Lots of people think bamboo rods are fragile, but I've watched Bill Oyster lay his rod on the ground, stomp on it, and then pick it up and cast 100' on multiple occasions.


----------



## BayStYat (Sep 12, 2012)

> Lots of people think bamboo rods are fragile, but I've watched Bill Oyster lay his rod on the ground, stomp on it, and then pick it up and cast 100' on multiple occasions.


I have been doing my research on them.  I was wondering how tough they are.  I may buy a blank and build one.


----------



## kamakuras (Feb 23, 2012)

I am building the Heddon Black Beauty #5/6 9' and the Leonard 4099 8'6" #8/9. Wish they had the Orvis Shooting Star #8 blank.


----------



## kamakuras (Feb 23, 2012)

Blanks came in the mail today. Finish was 7/10. They are very pretty and straight as an arrow. They came varnished and ready to be fitted for ferrules. I am highly impressed for $150.00. Contrary to reviews I have read online the rods look great and John was a gentleman to deal with. Should be a lot of fun once I get them ferruled and finished. If they break oh well.


----------



## permitchaser (Aug 26, 2013)

Bamboo is very strong. Houses have been built out of it. But even so I don't know if a Bamboo rod could handle a large Tarpon or giant Redfish heck some graphite rods can't


----------



## JaxLaxFish (Aug 23, 2010)

> Just ordered #5-6 and #8-9 blanks from anglers roost based on classic tapers for a great price. Interested to see the quality.  For the price I couldn't resist.
> http://theanglersroost.com/products/bamboo-rods/
> Will report when I finish the builds.  Should be a blast to play with.  Hope to take the 8-9 to LA next time I go over.


Yes definitely keep us updated as you build them on cost of supplies, skill level necessary, etc. More importantly of course will be how do they cast.


----------



## cutrunner (Jun 8, 2010)

> Bamboo is very strong. Houses have been built out of it. But even so I don't know if a Bamboo rod could handle a large Tarpon or giant Redfish heck some graphite rods can't


You should do some reading on old fiwhing tqckle and the fish they took with it. It would open your eyes


----------



## cal1320 (Jun 6, 2007)

> Blanks came in the mail today.  Finish was 7/10.  They are very pretty and straight as an arrow. They came varnished and ready to be fitted for ferrules. I am highly impressed for $150.00.  Contrary to reviews I have read online the rods look great and John was a gentleman to deal with.  Should be a lot of fun once I get them ferruled and finished. If they break oh well.

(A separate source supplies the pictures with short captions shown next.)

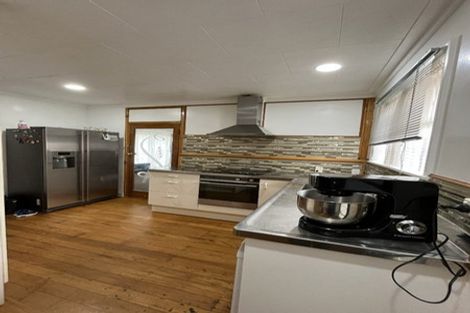 Photo of property in 54 Routley Crescent, Elderslea, Upper Hutt, 5018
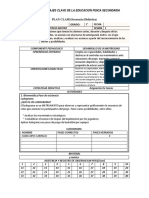 Educ Fisica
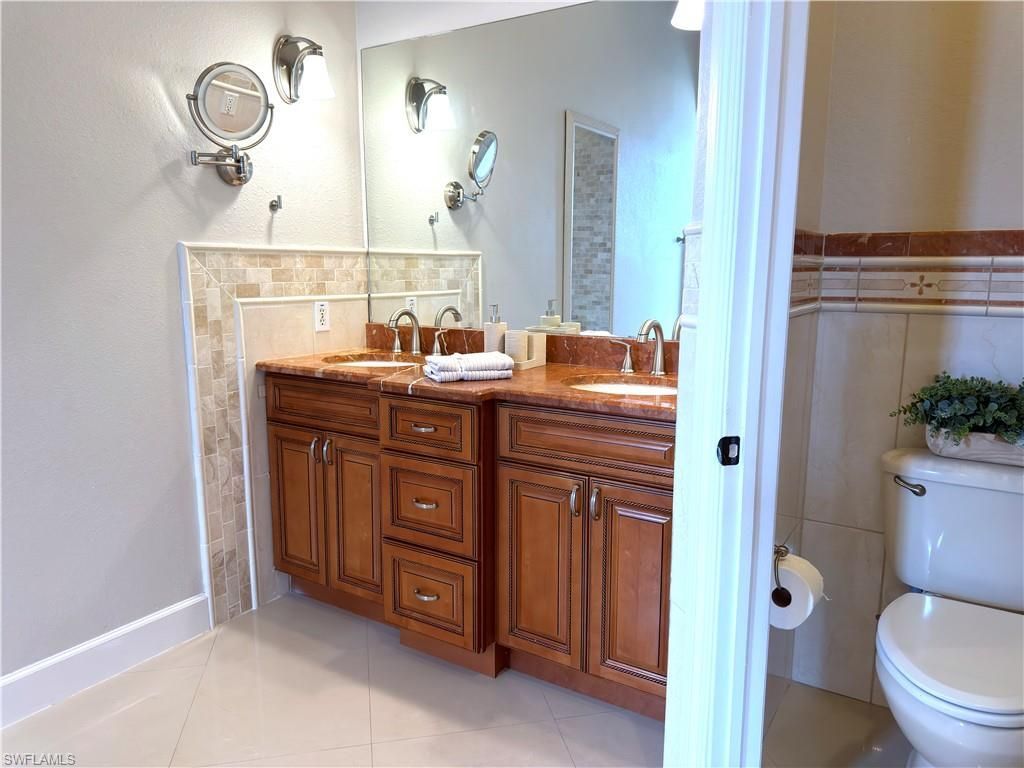 491 16th Ave Nw, Naples, FL 34120 Photo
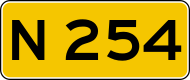 File:NLD-N254.svg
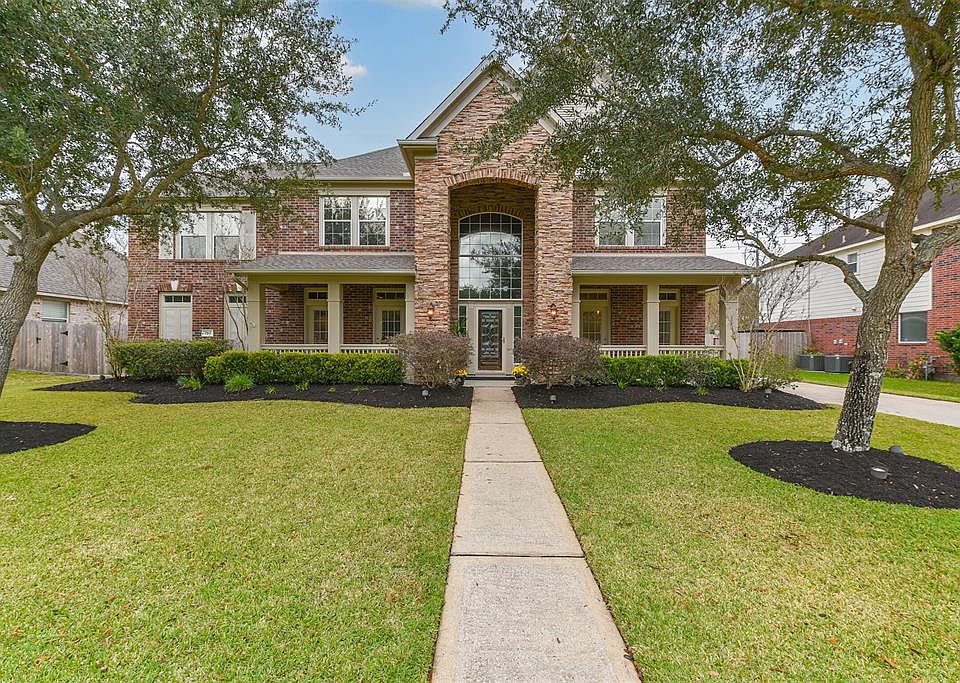 1st image of 1914 Pampas Trail Dr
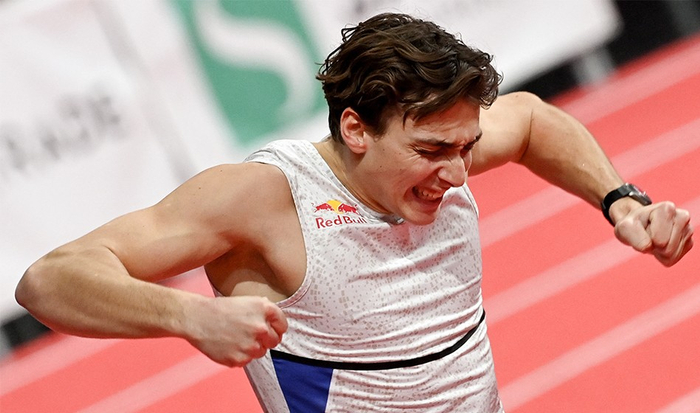 马德里竞技强势丹麦,博格巴打破历史纪录的简单介绍 马德里竞技强势丹麦,博格巴打破历史纪录的简单介绍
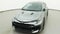 2026 Toyota GR Corolla Premium Plus DAT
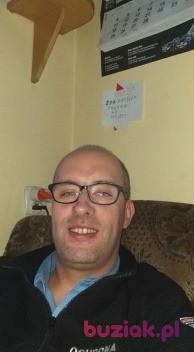 Robert, Mężczyzna, 43, Bydgoszcz, Polska, Zdjęcie: 2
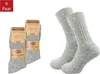 NERS Norweger Socken mit Wolle, (6-12 Paar) für Damen und Produktbild-Vorschau 1
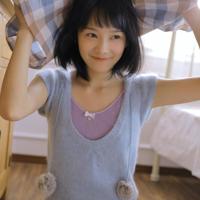 生活与标点符号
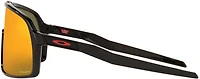 Oakley Sutro S Prizm Shield Sunglasses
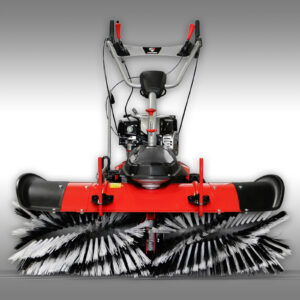 MBK-500 E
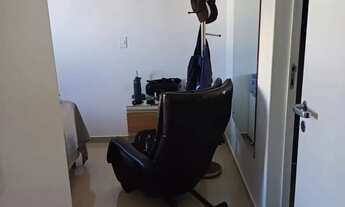 Imagem 7: Apartamento à venda no MAISON DE PROVENCE, JATIÚCA, Maceió, AL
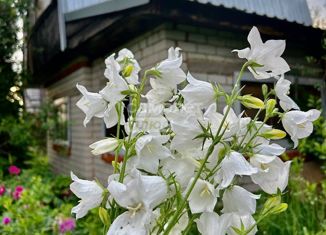 Продажа участка, 4 сот., СНТ Аэрофлотовец, СНТ Аэрофлотовец, 33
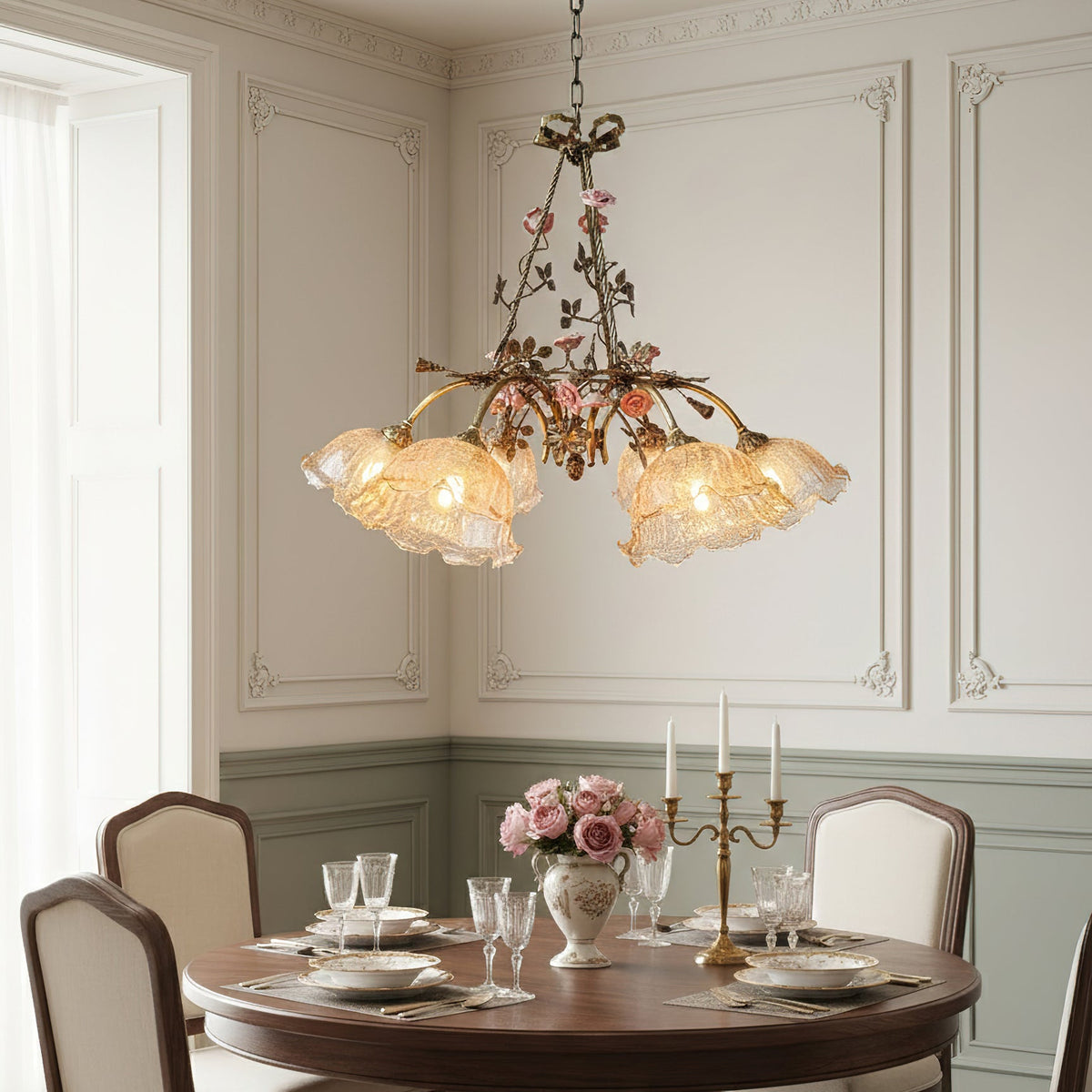 flora-blossom-chandelier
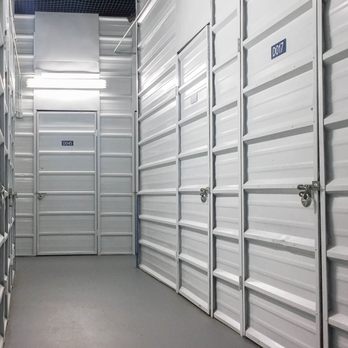 US Storage Centers - Storage Unit in Hawthorne - image 8 - Self Storage Near Me - Hawthorne, New York US Storage Centers - Storage Unit in Hawthorne - image 8 - Self Storage Near Me - Hawthorne, New York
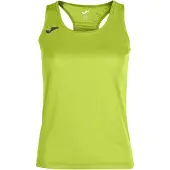Joma Débardeur femme Siena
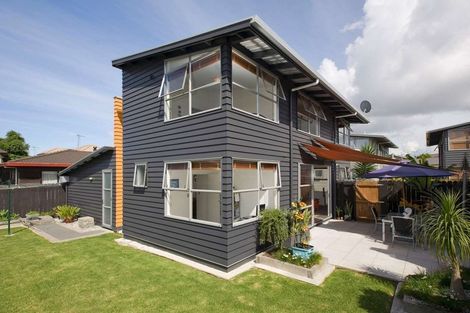 Photo of property in 7d Harrison Road, Mount Wellington, Auckland, 1060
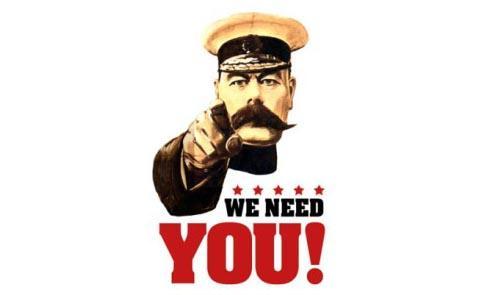 CALL TO ACTION - we need your input! Without OpenShift, is container image support for JBoss EAP / JWS still important? Is Kubernetes important to you for JBoss EAP or other M/W products?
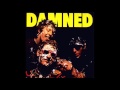 The Damned - See Her Tonite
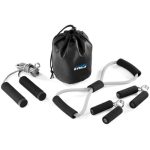 Altitude Task-master Exercise Set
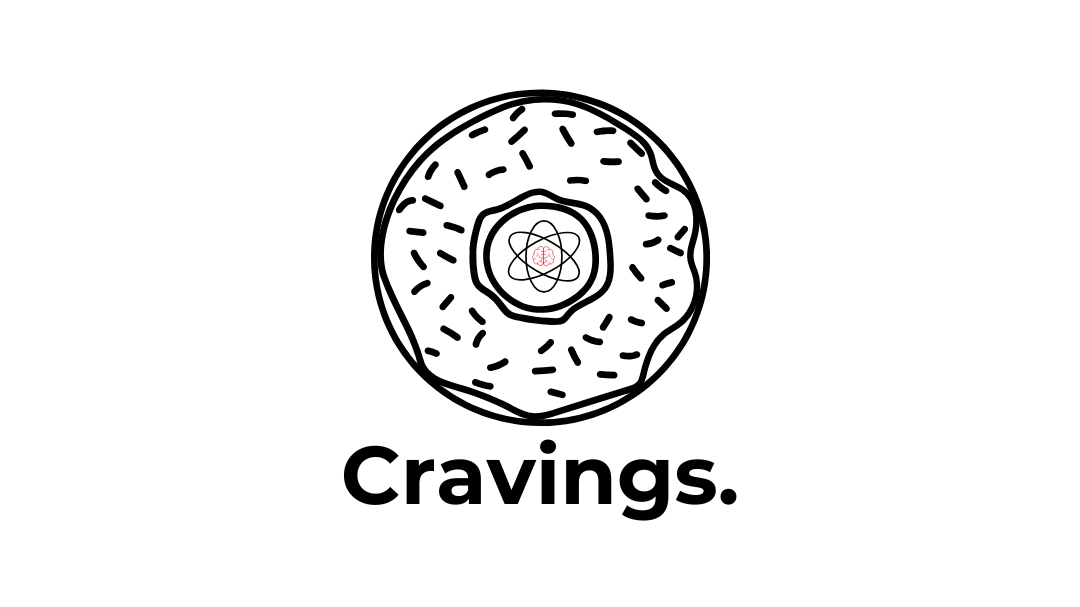 If you’re on a weight loss journey, food cravings are an inevitable part of the process. They can easily feel overwhelming and impossible to resist, often leading to indulgence after a good day of clean eating or exercise.
​
This scenario is something most people face. Today, to help you reach your goals and take control of your food habits, we’ll deconstruct cravings and provide practical tools to manage them.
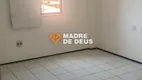 Foto 15 de Apartamento com 3 Quartos à venda, 118m² em Cocó, Fortaleza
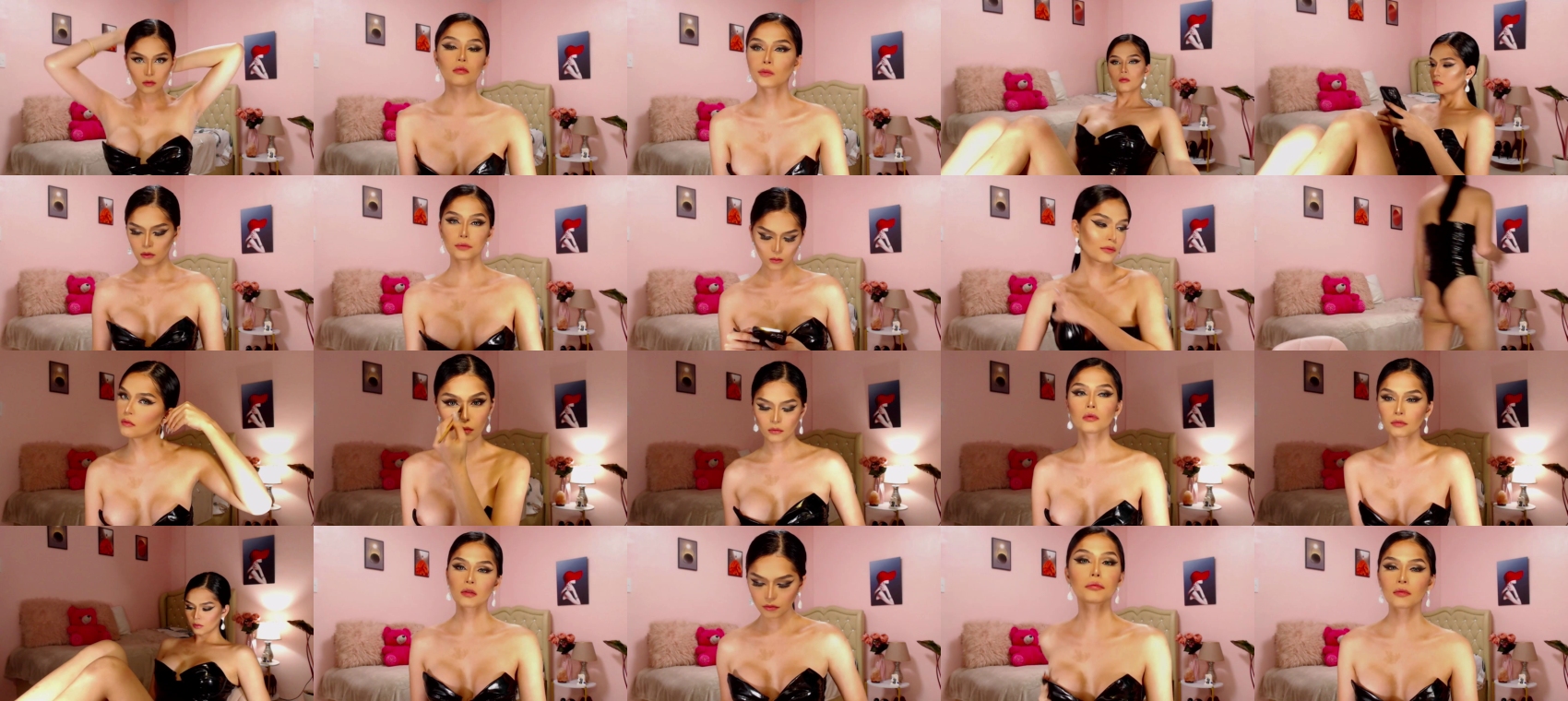queen_amorpowers  12-06-2022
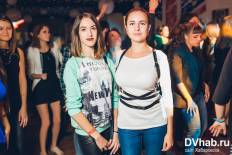 Фотоотчет : Группа "Perry Mason" (18+). Пятница, 26 августа. Изображение 6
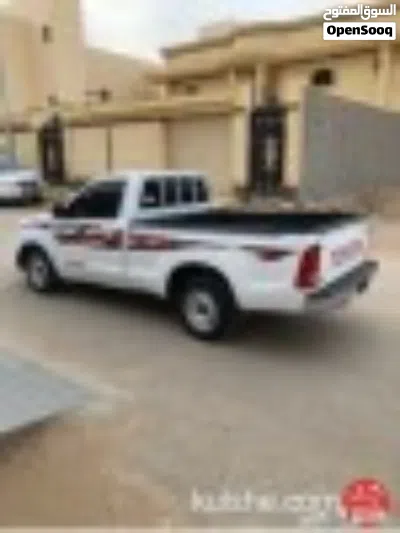 نقل وتوصيل 3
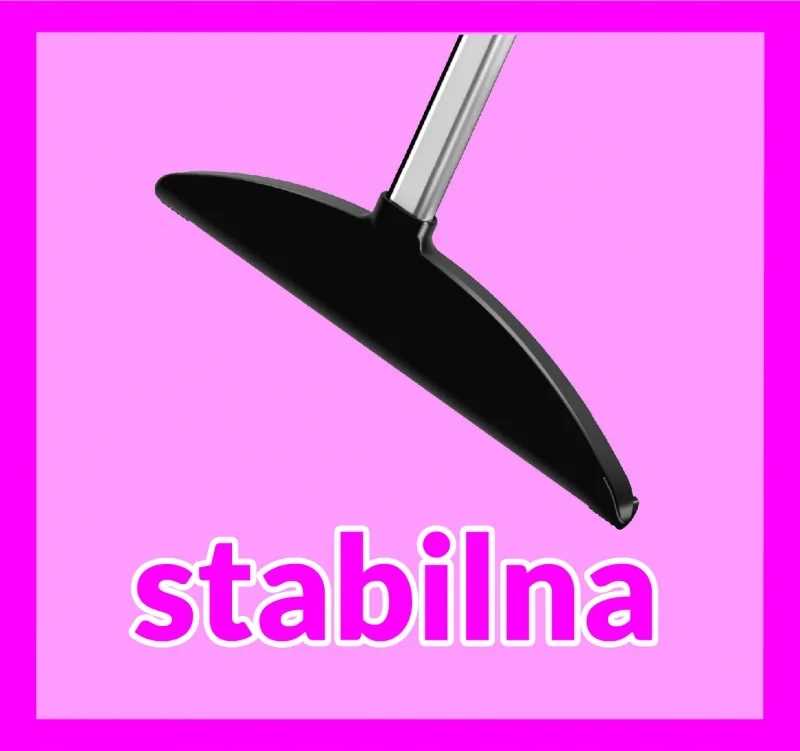 deska do prasowania viledatotal reflect plus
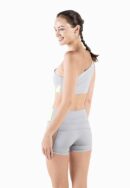 ViQ Toga Sports Bra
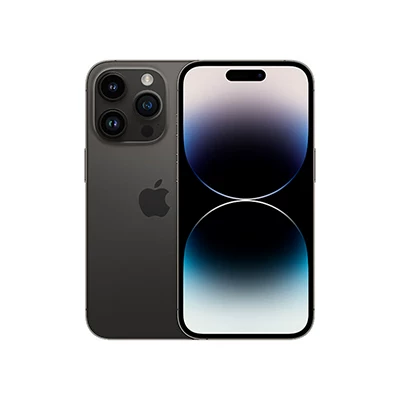Apple/ Apple, подлинный iPhone 14, мобильный телефон, официальный продукт, 5G, поддержка функций для всех стандартов сетевой связи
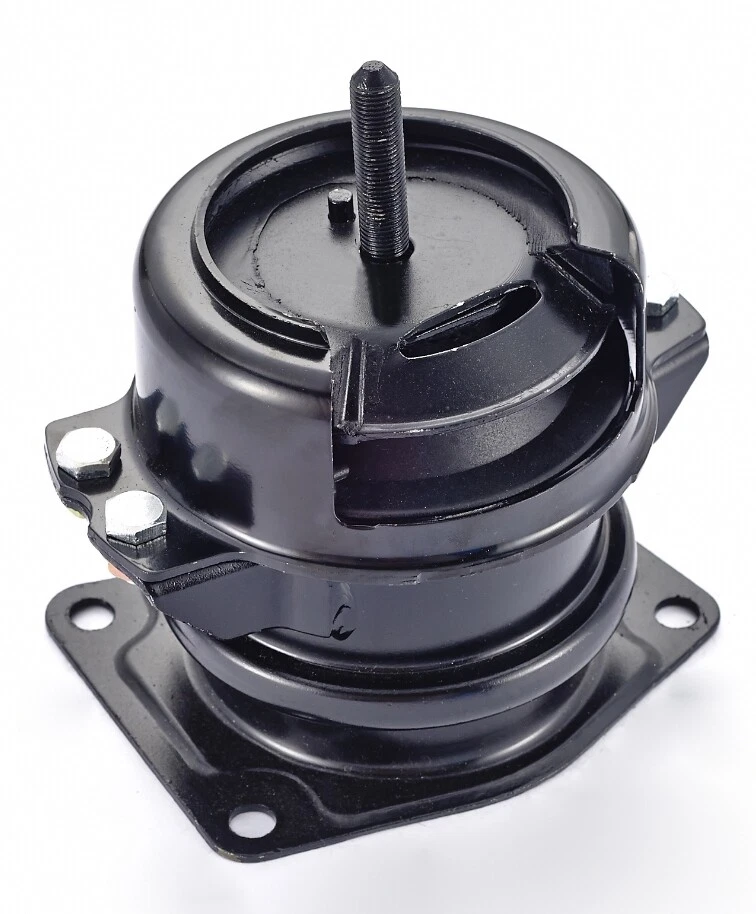 Motor de motor y transmisión 5 piezas Hydr con pasador de aspiradora se adapta a Acura CL 3,2 L automático. Foto 4 de 4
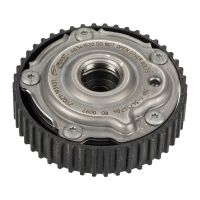 Temporisateur d'injection d'origine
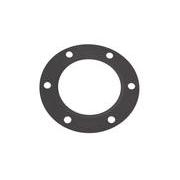 Gasket, Turbine Exhaust Outlet, S60 14L DDEC VI
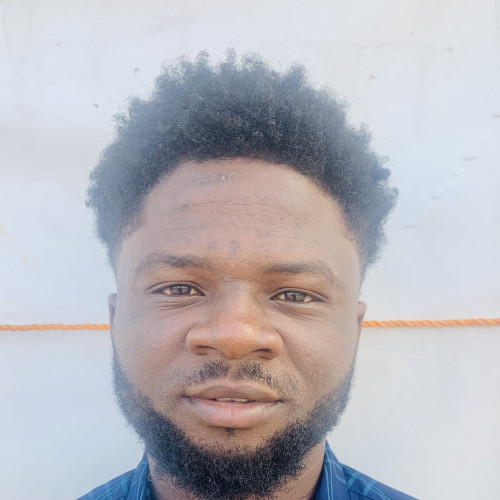 Christopher  C. profile photo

OK. You've had 2 weeks. That's long enough. Let's see some pics of the finished rod, your first fish on it, and an in depth review.   Those are great prices on the finished rods too. Let us know how they are.


----------



## kamakuras (Feb 23, 2012)

I am in the process of moving to Jupiter, FL buying my first house.  I close Monday. I have the ferrules and silk in from Golden Witch.  They were great to deal with.  If anyone decides to build a bamboo rod definitely get your ferrules and silk from them.  The ferrules are where you do not want to get cheap.  If this were a more expensive blank I would have had custom ferrules made of titanium from Schliske.  Being my first I will stick with nickle silver but still of good quality.  I will over wrap them and varnish like Bill Oyster does for added resistance to salt.  I have all the marks made to cut the blanks to final size. The last week I have had to help my girlfriend finish her new saltwater bait caster to get it out of the rod wrapper to be packed. I have to get the ferrule stations on the blank and the male ferrules lapped on my lathe before I can go further.  I will be moving along shortly and pic heavy posts will accompany my progress. There has also been a couple books purchased and heavy reading on my part in order to get the ferrules properly sized and installed. Measure, measure again then measure again.  I am way beyond ready to be casting these rods.


----------



## kamakuras (Feb 23, 2012)




----------



## kamakuras (Feb 23, 2012)

A little update now that I am settled in enough to the new home to have time to do things that I want. Owning a home is a lot of hard work and takes away much of that free time I took for granted renting all my life.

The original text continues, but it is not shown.